***** Source material

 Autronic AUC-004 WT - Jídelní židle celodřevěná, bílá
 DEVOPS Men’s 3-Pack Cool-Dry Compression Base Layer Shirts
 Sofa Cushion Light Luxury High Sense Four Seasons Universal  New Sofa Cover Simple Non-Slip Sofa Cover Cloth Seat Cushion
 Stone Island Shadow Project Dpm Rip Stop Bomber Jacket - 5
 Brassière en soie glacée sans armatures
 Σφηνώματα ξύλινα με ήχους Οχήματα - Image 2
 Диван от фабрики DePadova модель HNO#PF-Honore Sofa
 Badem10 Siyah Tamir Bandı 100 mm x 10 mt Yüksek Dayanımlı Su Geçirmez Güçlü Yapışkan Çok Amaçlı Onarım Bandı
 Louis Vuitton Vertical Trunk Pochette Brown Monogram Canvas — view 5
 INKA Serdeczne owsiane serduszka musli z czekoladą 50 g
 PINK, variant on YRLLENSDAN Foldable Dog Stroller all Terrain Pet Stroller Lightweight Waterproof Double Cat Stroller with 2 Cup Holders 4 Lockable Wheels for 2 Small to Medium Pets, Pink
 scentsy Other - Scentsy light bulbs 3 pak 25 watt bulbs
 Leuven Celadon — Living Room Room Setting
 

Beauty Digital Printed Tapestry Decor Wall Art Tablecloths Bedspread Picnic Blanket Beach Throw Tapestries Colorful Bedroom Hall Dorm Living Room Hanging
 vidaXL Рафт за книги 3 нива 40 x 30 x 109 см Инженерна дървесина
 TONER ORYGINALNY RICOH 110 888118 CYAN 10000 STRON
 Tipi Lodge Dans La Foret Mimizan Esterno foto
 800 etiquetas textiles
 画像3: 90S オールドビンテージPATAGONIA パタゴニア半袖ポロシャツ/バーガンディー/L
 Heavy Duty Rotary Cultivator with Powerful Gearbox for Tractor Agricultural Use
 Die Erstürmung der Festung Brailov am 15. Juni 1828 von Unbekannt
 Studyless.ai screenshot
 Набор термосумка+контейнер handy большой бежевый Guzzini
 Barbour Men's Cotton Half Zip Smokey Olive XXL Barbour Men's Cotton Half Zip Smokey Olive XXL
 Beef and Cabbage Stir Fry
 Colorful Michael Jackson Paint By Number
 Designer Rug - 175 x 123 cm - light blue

**********

## Exercise goal
Print the records again in full, exactly as they appear above.

## Answer to the exercise
 Autronic AUC-004 WT - Jídelní židle celodřevěná, bílá
 DEVOPS Men’s 3-Pack Cool-Dry Compression Base Layer Shirts
 Sofa Cushion Light Luxury High Sense Four Seasons Universal  New Sofa Cover Simple Non-Slip Sofa Cover Cloth Seat Cushion
 Stone Island Shadow Project Dpm Rip Stop Bomber Jacket - 5
 Brassière en soie glacée sans armatures
 Σφηνώματα ξύλινα με ήχους Οχήματα - Image 2
 Диван от фабрики DePadova модель HNO#PF-Honore Sofa
 Badem10 Siyah Tamir Bandı 100 mm x 10 mt Yüksek Dayanımlı Su Geçirmez Güçlü Yapışkan Çok Amaçlı Onarım Bandı
 Louis Vuitton Vertical Trunk Pochette Brown Monogram Canvas — view 5
 INKA Serdeczne owsiane serduszka musli z czekoladą 50 g
 PINK, variant on YRLLENSDAN Foldable Dog Stroller all Terrain Pet Stroller Lightweight Waterproof Double Cat Stroller with 2 Cup Holders 4 Lockable Wheels for 2 Small to Medium Pets, Pink
 scentsy Other - Scentsy light bulbs 3 pak 25 watt bulbs
 Leuven Celadon — Living Room Room Setting
 

Beauty Digital Printed Tapestry Decor Wall Art Tablecloths Bedspread Picnic Blanket Beach Throw Tapestries Colorful Bedroom Hall Dorm Living Room Hanging
 vidaXL Рафт за книги 3 нива 40 x 30 x 109 см Инженерна дървесина
 TONER ORYGINALNY RICOH 110 888118 CYAN 10000 STRON
 Tipi Lodge Dans La Foret Mimizan Esterno foto
 800 etiquetas textiles
 画像3: 90S オールドビンテージPATAGONIA パタゴニア半袖ポロシャツ/バーガンディー/L
 Heavy Duty Rotary Cultivator with Powerful Gearbox for Tractor Agricultural Use
 Die Erstürmung der Festung Brailov am 15. Juni 1828 von Unbekannt
 Studyless.ai screenshot
 Набор термосумка+контейнер handy большой бежевый Guzzini
 Barbour Men's Cotton Half Zip Smokey Olive XXL Barbour Men's Cotton Half Zip Smokey Olive XXL
 Beef and Cabbage Stir Fry
 Colorful Michael Jackson Paint By Number
 Designer Rug - 175 x 123 cm - light blue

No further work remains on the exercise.